When planning a volcano tour of the west, there are a few of these geological wonders that are world famous and they simply must be logged in the travel plan. Mount St Helens definitely is a volcano that is at the top of the charts and because of the recent eruptions, a level of danger does exist that will naturally get the adrenaline flowing. Volcanoes are very intimidating places to be and knowing that Mount St Helens is still showing signs of being a major threat will cause many people to have second thoughts about visiting this majestic place.
Highway 504 is the pathway for touring the southern and western ends of Mount St Helens National Volcanic Monument. This long road goes past several scenic overlooks on the way up to the crater observation facility at the end of the line. The best way to get a tour of Highway 504 underway is to first go to the Mount St Helens Visitor Center next to Silver Lake and Seaquest State Park. This Washington State Park was mentioned in a previous article and it is a good spot for setting up a basecamp.
Upon starting the journey up the mountain, the lower elevations are deeply forested and very little evidence of the disastrous pyroclastic flow that occurred back in 1980 can be noticed this far away. Businesses that cater to Mount St Helens tourism can be seen along the road during the first part of the drive. There are plenty of lodges and outdoor outfitters to choose from in this area. Volcano helicopter tours are available too. Best of all, this is the home of Bigfoot and some really cool memorabilia is available in the gift shops!
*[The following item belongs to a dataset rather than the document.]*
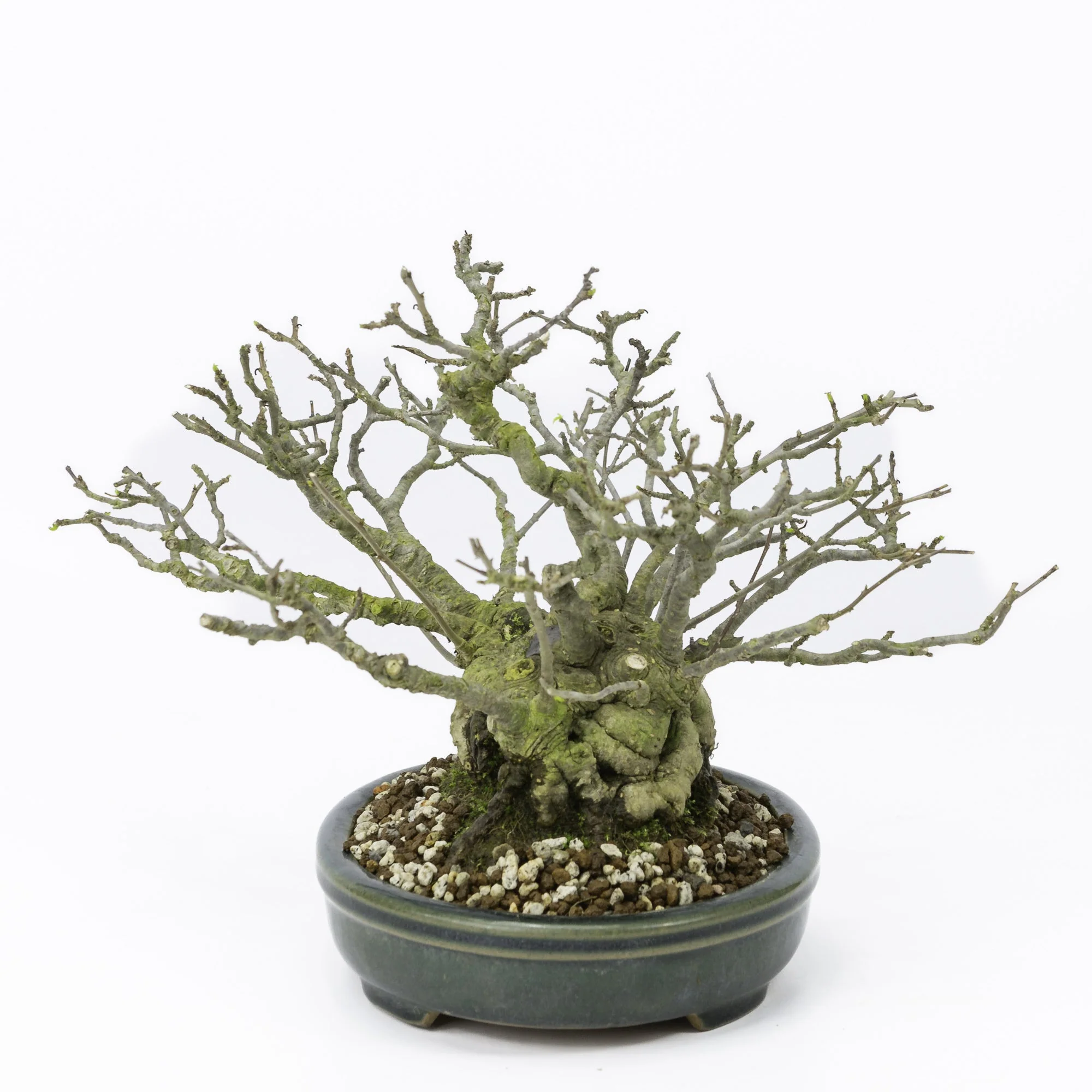Miniatuur 2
As the road steadily goes uphill, the signs of civilization start to disappear in the rearview mirror. The deep woods become thicker and darker, which adds to the mystery of what to expect up ahead. One of the first landmarks along the way is the Hoffstadt Creek Bridge and it is well worth checking out this historic site. There are several information placards at the bridge overlook area that explain everything from the local flora and fauna to details about the 1980 Mount St Helens eruption. In fact, one of the signs lets visitors know that this is the edge of the pyroclastic blast zone. When looking at the forest near the bridge, the thin sapling pine trees can be noticed sprouting up where the old growth trees were knocked down by volcanic ash a few decades ago.
Driving slow to take in the sights is part of the program when continuing uphill to the crater observation area. Stopping at each of the scenic overlooks is the best way to witness the changes that occurred after Mount St Helens blew its top. More and more pine tree saplings can be seen filling the forests and many more burnt gigantic logs can be seen laying on the ground when gradually heading uphill.
One of the first scenic areas along the road to the top is the Castle Lake Viewpoint. The valley down below now looks lush and green, but when gazing east toward the crater, the outlines of the massive thick flow of volcanic ash can be seen. The terrain becomes much rougher on the way uphill from this point and this is one of that last peaceful views to be experienced along the way.
On a heavy overcast day, like during my visit, not being able to see the mountain peaks or the crater rim adds even more to the mystery. The only clues are the fresh pine saplings and the thick pyroclastic flow that covers the valley floor. The pensive feeling that is experienced when near a volcano does become more intense when not being able to see how far away the source of danger is. The Castle Valley Viewpoint definitely is where the cold reality of Mount St Helens first sets in, especially on an overcast day!